ZoWie wrote: ↑Sun Nov 17, 2024 8:34 am
Good question. They have those transfer stations where they load up the barges with the stuff. Then, off down the river it goes. Wonder where it rounds up.
I lived in Trumbull, Connecticut in the early 60s, about 50 miles from New York City, and I remember seeing on TV New York would load barges up with garbage and the would dump it well off shore in the ocean where it was very deep. Don't know if they still do that or not.
I was listening to NPR a few years back and they had an interesting story on the solid waste residue from the city's water treatment plants. The city sold it en-bulk and it was hauled away in railway cars and used for fertilizer on farms in the Mid-West. Apparently, that fertilizer was better than the fertilizer made by the chemical companies and it produce more crops per acre.
In LA, they take it all into the hills.
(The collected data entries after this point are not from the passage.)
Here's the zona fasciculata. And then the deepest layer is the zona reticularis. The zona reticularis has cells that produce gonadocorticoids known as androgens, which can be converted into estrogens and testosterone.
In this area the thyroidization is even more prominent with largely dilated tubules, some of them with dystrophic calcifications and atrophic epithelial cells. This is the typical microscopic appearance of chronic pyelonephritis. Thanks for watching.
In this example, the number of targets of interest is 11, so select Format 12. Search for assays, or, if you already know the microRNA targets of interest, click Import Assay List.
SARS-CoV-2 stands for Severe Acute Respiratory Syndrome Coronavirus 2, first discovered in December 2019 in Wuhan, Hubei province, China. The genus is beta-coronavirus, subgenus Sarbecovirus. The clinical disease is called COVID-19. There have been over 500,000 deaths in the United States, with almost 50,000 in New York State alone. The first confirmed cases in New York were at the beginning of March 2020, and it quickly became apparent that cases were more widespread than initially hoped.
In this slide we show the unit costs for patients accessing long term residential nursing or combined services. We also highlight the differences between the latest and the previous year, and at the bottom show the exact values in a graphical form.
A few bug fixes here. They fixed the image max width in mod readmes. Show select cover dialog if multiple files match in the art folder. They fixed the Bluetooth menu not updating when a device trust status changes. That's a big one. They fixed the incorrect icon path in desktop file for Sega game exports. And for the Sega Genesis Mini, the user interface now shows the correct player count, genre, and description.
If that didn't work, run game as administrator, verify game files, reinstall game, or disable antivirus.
They fill up entire canyons, cover them over when they're full, and deal with the resulting underground fires. They glow in the dark from where the burning gas is vented off. I assume it all goes into the atmosphere and accelerates climate change.
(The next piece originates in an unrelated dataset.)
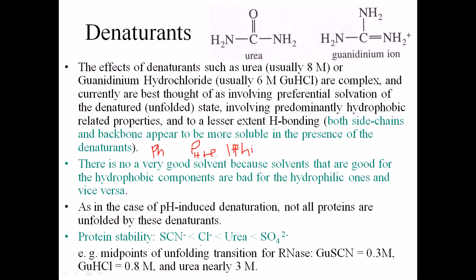Protein stability also depends on the presence of different ions. As you can see, sulfate ion gives the highest stability to the protein, because it interacts with positive charges on the backbone. Then there is urea, chloride, and SCN⁻. These negatively charged ions can also disrupt the protein structure if they interact with negatively charged amino acid sequences in the backbone, disrupting and opening up the protein backbone.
It's the methane that's burning off. Methane is what we commonly call natural gas. Back in the late 90, I was stationed at McClellan AFB just outside of Sacramento. One of my duties was to ensure the company that was destroying out expired and excess drugs was doing so in the proper manner. Myself and a couple of NCOs toured a landfill company outside of Stockton the company used to destroy the drugs. The landfill company had a contract with Stockton to handle their garbage disposal. They're process went like this; truck would enter a large building and back up to a deep pit and dump the garbage collected. A huge claw, like you see in arcade machines, would come down and pick up a large amount of garbage. The claw would lift it and deposit it into a chute and conveyor belt that led to a furnace. The furnace was heated to 1800F degrees and would burn everything. The ash and metals that did not burn were conveyed to another area where an electromagnet would pick out iron metals and shift the ashes from metals. The metals would be sold for recycling and the ashes were put in the landfill. The ashes, if I recall correctly, composed about 3% of the material that wasn't incinerated. What was interesting about the operation is all the exhaust air went through a water filter and other filters before being released into the air. They provided us documentation from the EPA showing the air leaving their exhaust towers was cleaning than the air coming into the plant. Another feature of the plant is once they fired up the furnace and reached the right temperature, they'd shut of the gas and the furnace would maintain that temperature as long as they fed the furnace. The heat from the furnace not only burned the garbage but it was used to heat water for a generator to produce electricity which the plant sold back to Stockton.
The plant was really ingenious in what they were doing. Driving past the landfill you wouldn't know it was a landfill because you couldn't see or smell the garbage. Stockton paid them twice, once for the garbage they burned and once for the electricity they produced. It would be beneficial if more large cities, like L.A., San Diego, New York, etc., would do that. It's save a lot of land, reduce pollution, and provide a source of electricity.